Most people tend to spend hours on end on laptops, working from the bed, or the sofa, hunched over the phone, all of which contribute to bad posture in the long run. So, it is imperative to have a good stretching routine — either independently or after a workout — to ensure correct posture and keep injuries at bay. Some stretches also help in fixing and even bettering your posture, like the ones shared by fitness coach Zoe Modgill which, as she put it, “will truly make you feel like a brand new person.”

Zoe shared a video of a few easy but calming stretches that are especially good for new mothers.

Here’s a breakdown of all the stretches, and how to get them right:

Wall downward dog; hold for 20 seconds

Imitate the downward dog pose but with your hands on a wall, back perpendicular to the ground, and feet grounded on the floor.

Upside down 90 degree; for 20 seconds

Place your arms upside down against a wall or glass window, keeping your elbows at 90 degrees.

Overhead shoulder stretch; 20 seconds

Reach your hands on the top of the wall, away from you, with your fingers facing the sky on an angle.

Hands in prayer; for 20 seconds

Following the same posture as the first stretch, simply join your hands in a prayer.

Crossover; for 20 seconds

Criss cross your arms in front of you and hold onto something for support. Repeat on the other side.
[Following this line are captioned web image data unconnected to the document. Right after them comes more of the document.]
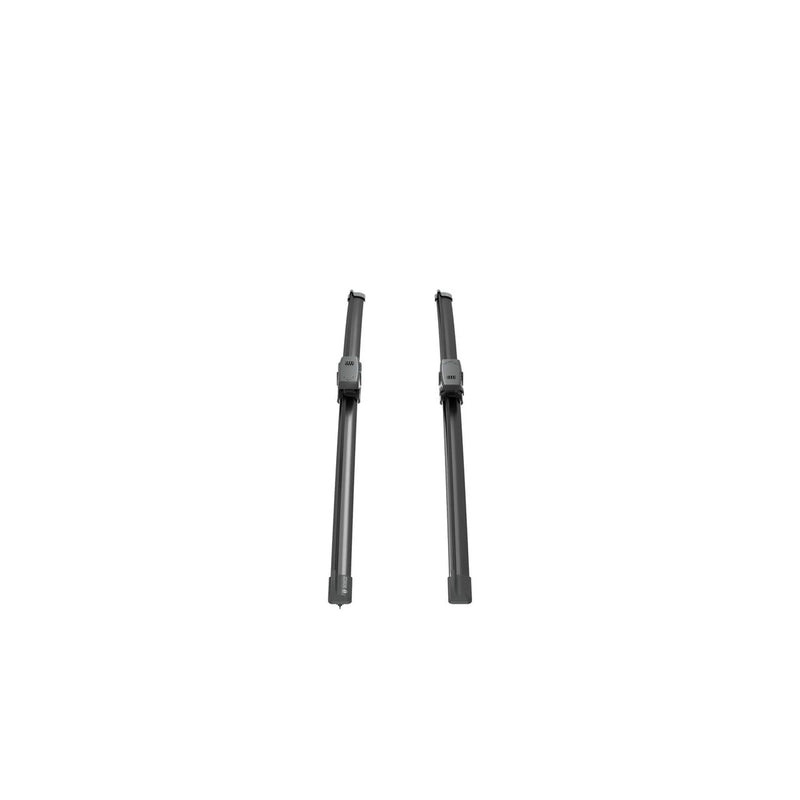 Bosch Aerotwin Wiper Blade Set 700mm + 700mm — AM469S fits Citroën C6 2005-2012
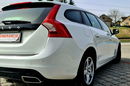 Volvo V60 POLAR+DYNAMIC GEARTRONIC , Full , Skóra, Kamera , Blis, Szyber dach, VAT23% zdjęcie 9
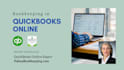 do quickbooks setup, customization, and expert training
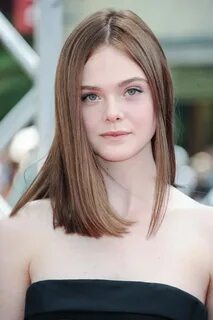 Pin en Elle Fanning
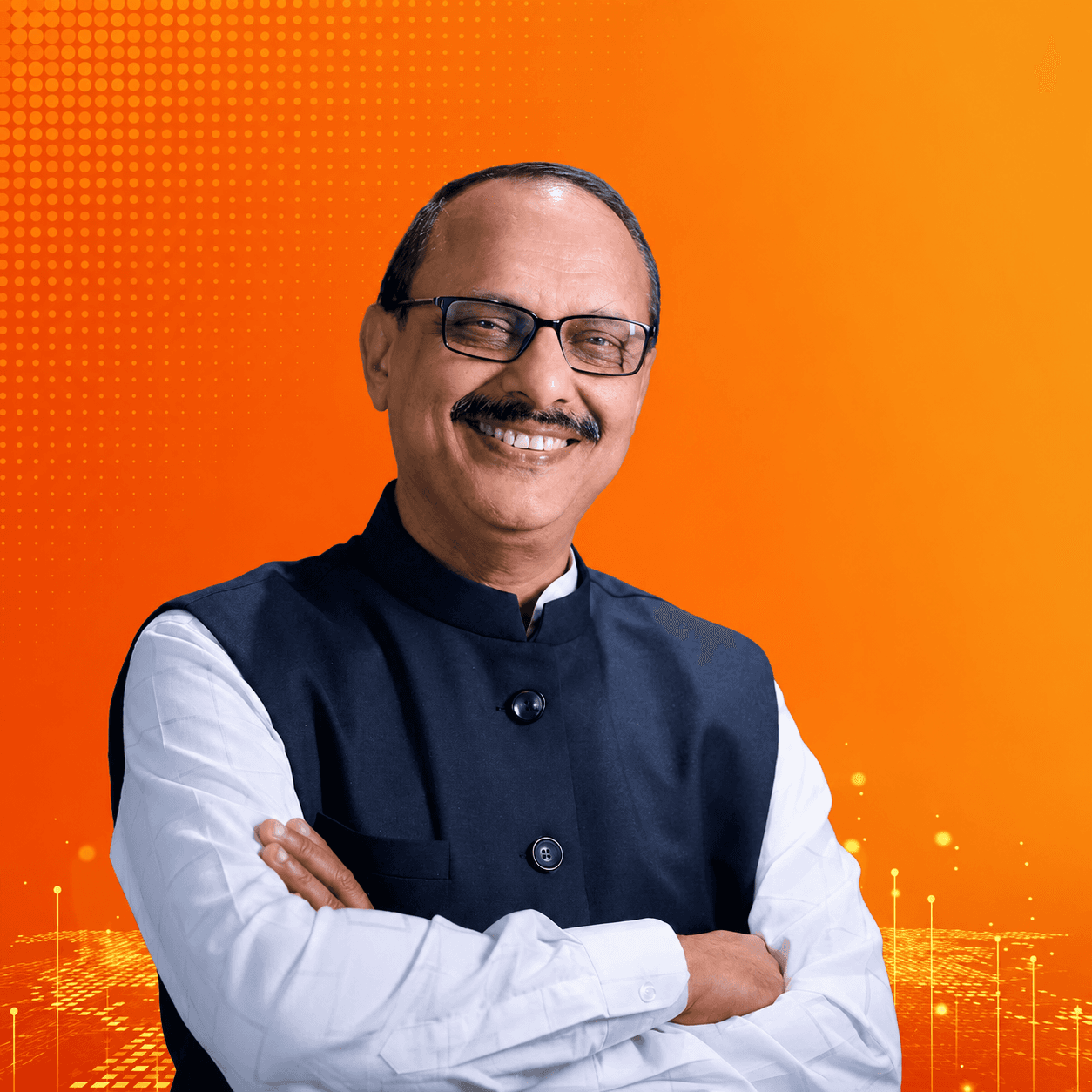 Balaji Venketeshwar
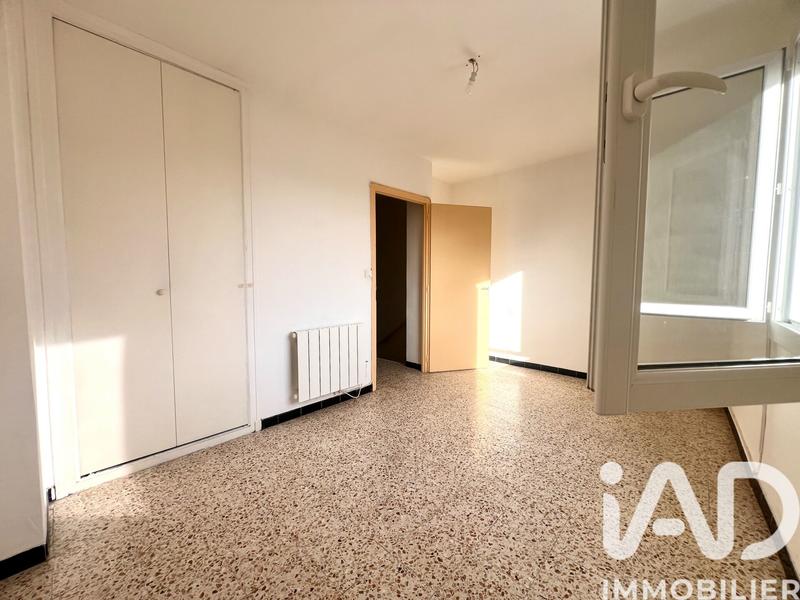 Maison de ville - 85 m² - 3 pièces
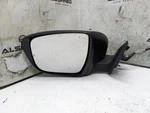 2016-2020 Nissan Rogue Left Driver Side Rearview Mirror Power 96302-9TB0A Oem. Fixed Price $62.31.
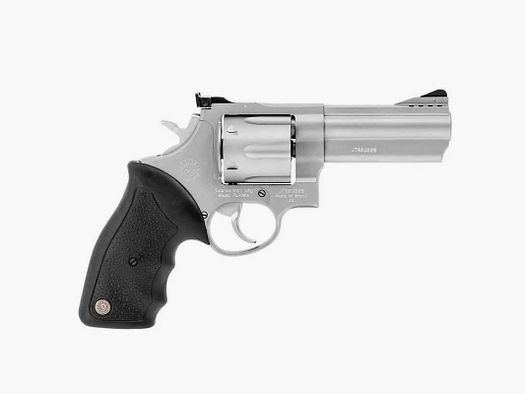 Taurus-Revolver 44 6NB 4" SS Kal. .44 Mag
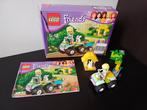 Lego FRIENDS set 3935, Ophalen, Zo goed als nieuw, Complete set, Lego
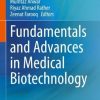 Fundamentals and Advances in Medical Biotechnology (PDF Book)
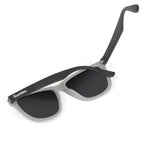 Wilpena Sunglasses - Mist/Shadow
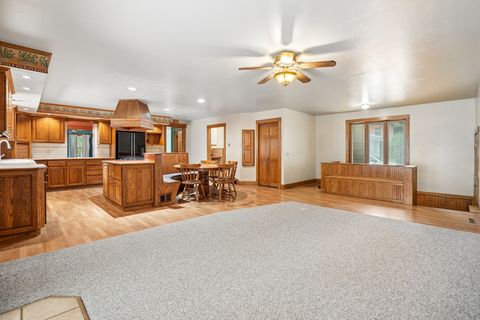 Tiny photo for 320 W 3rd Street, Prophetstown, IL 61277 (MLS # 12674244)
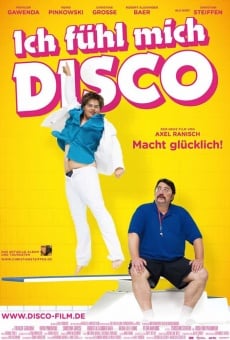 Ich fühl mich Disco (2013)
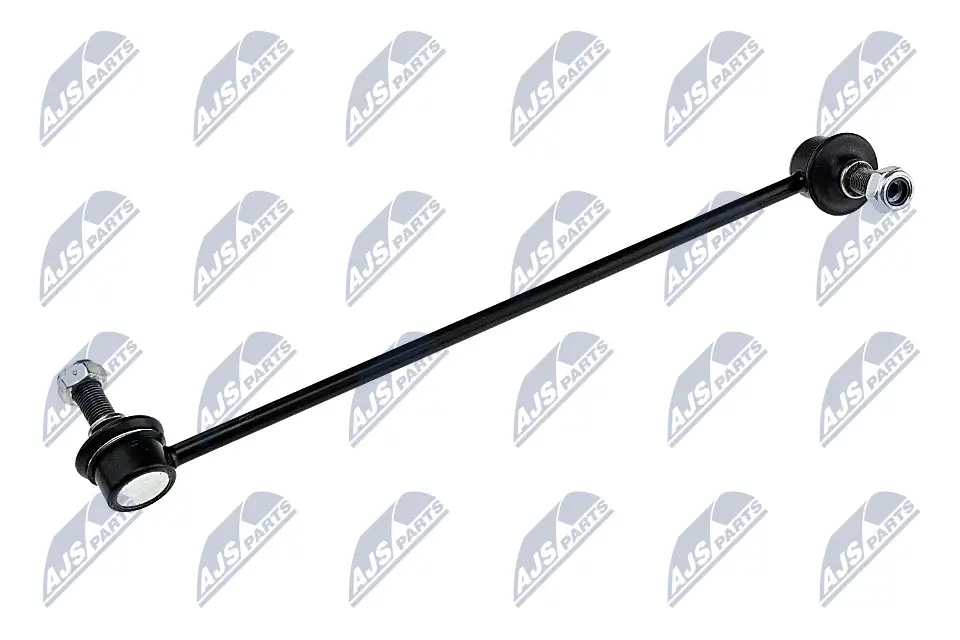Stange/Strebe, Stabilisator Vorderachse Vorderachse links Vorderachse rechts NTY ZLP-HY-543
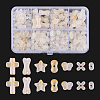 DIY Jewelry Making Findings Kits DIY-TA0012-54D-12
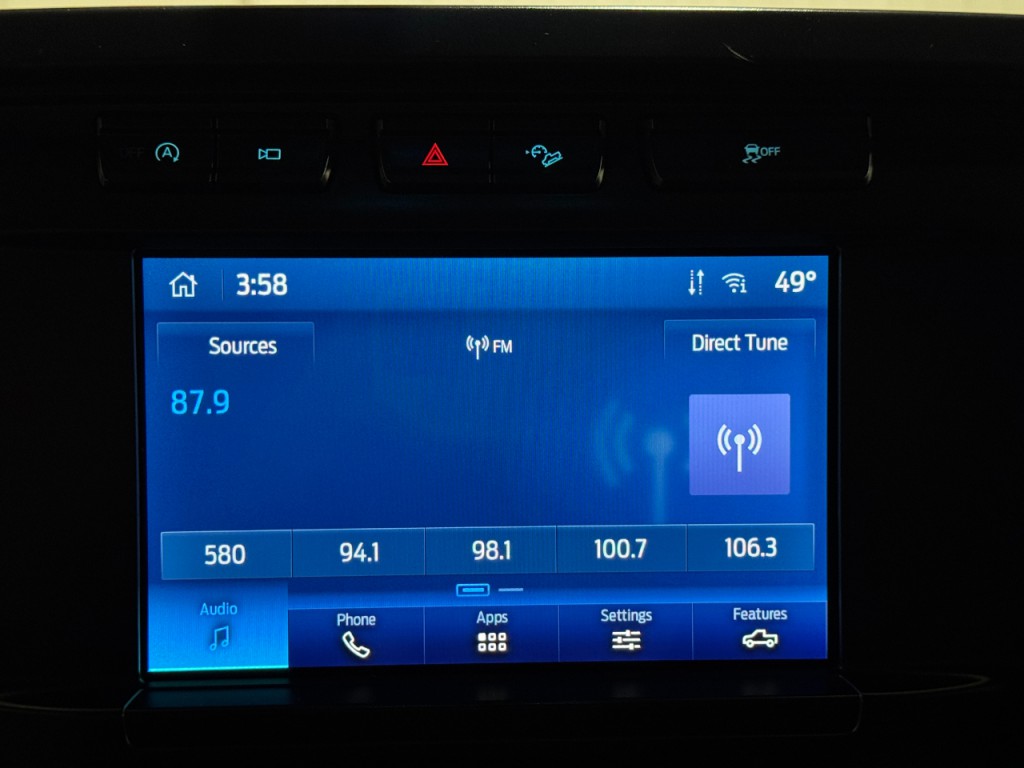 2023 Ford F-150 Image 34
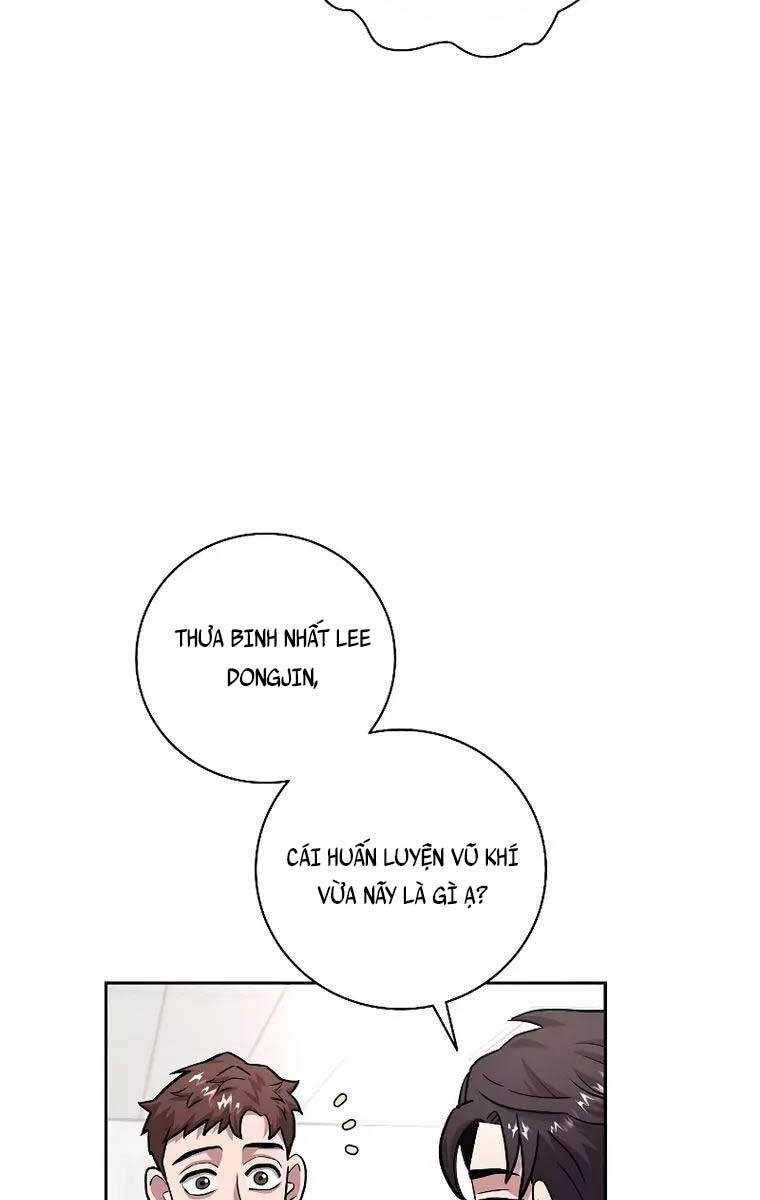 Ma Pháp Sư Hắc Ám Trở Về Để Nhập Ngũ Chapter 9 - 56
Lateral reach; for 20 seconds

Touch the wall with one hand, reaching for it laterally with the other arm, triceps over your ears. Repeat on the other side.

Chest stretch; for 20 seconds

Face away from the wall and stand at an arm’s distance. Then, reach out and touch the wall with your hands at the back.

Overhead tricep stretch; for 20 seconds

Keep your arms straight up above you, then bend them at the elbow and try to touch your back, keeping the elbow pointing towards the sky. Remember to not hunch your neck forward.